* **Task description**
In the copy, include all of the listing exactly and none of its pictures.

* **Records to use**
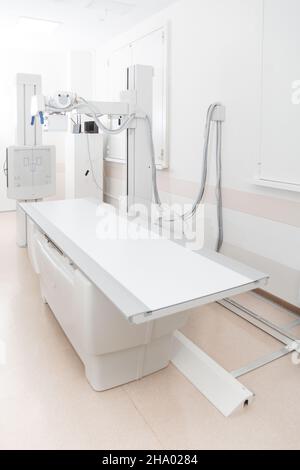 Röntgenabteilung im modernen Krankenhaus. Röntgenraum mit Scangerät und leerem Bett. Techniker, der ein Röntgengerät anpasst. Scannen von Brust, Herz Stockfoto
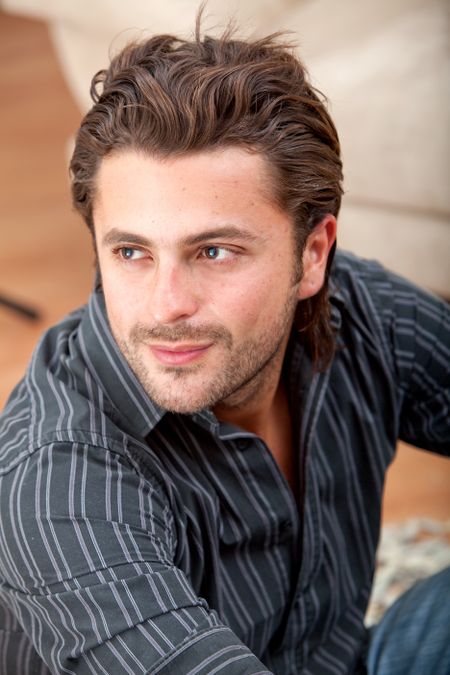 Portrait of a handsome man sitting on the floor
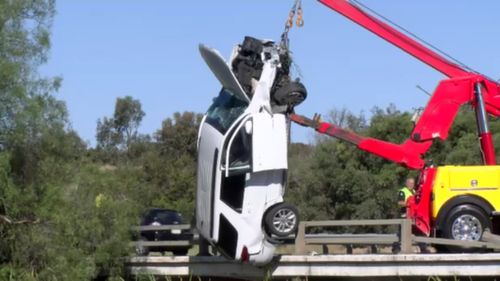 A crane was used to pull the car from the creek.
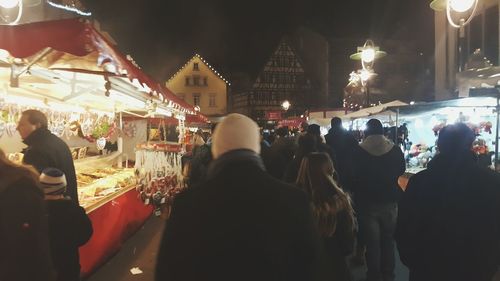 Rear view of people photographing illuminated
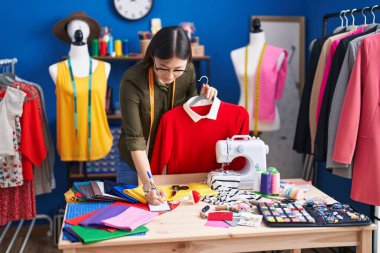 Chinese woman tailor holding shirt writing on paper at sewing studio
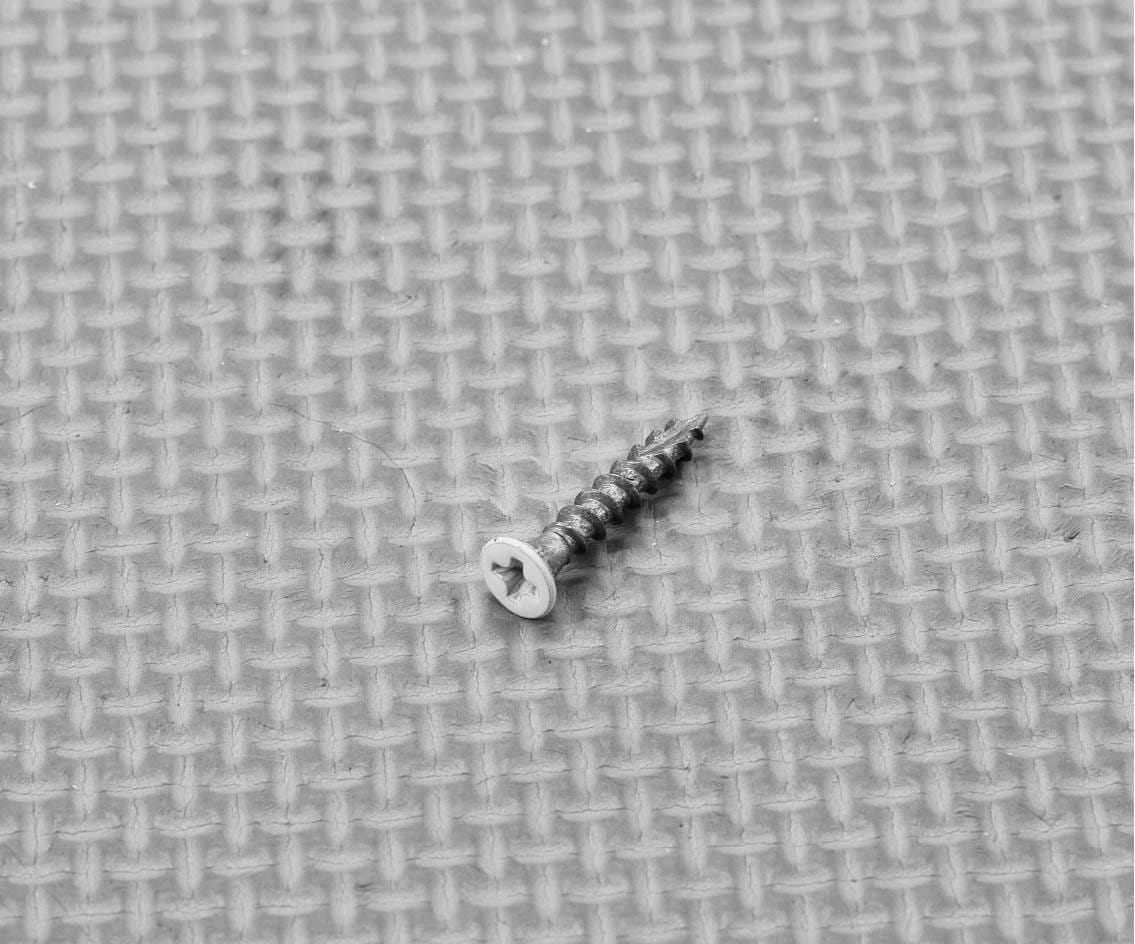 Plantation shutter hinge screw showing its countersunk head and thread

* **Solution below**
 Röntgenabteilung im modernen Krankenhaus. Röntgenraum mit Scangerät und leerem Bett. Techniker, der ein Röntgengerät anpasst. Scannen von Brust, Herz Stockfoto
 Portrait of a handsome man sitting on the floor
 A crane was used to pull the car from the creek.
 Rear view of people photographing illuminated
 Chinese woman tailor holding shirt writing on paper at sewing studio
 Plantation shutter hinge screw showing its countersunk head and thread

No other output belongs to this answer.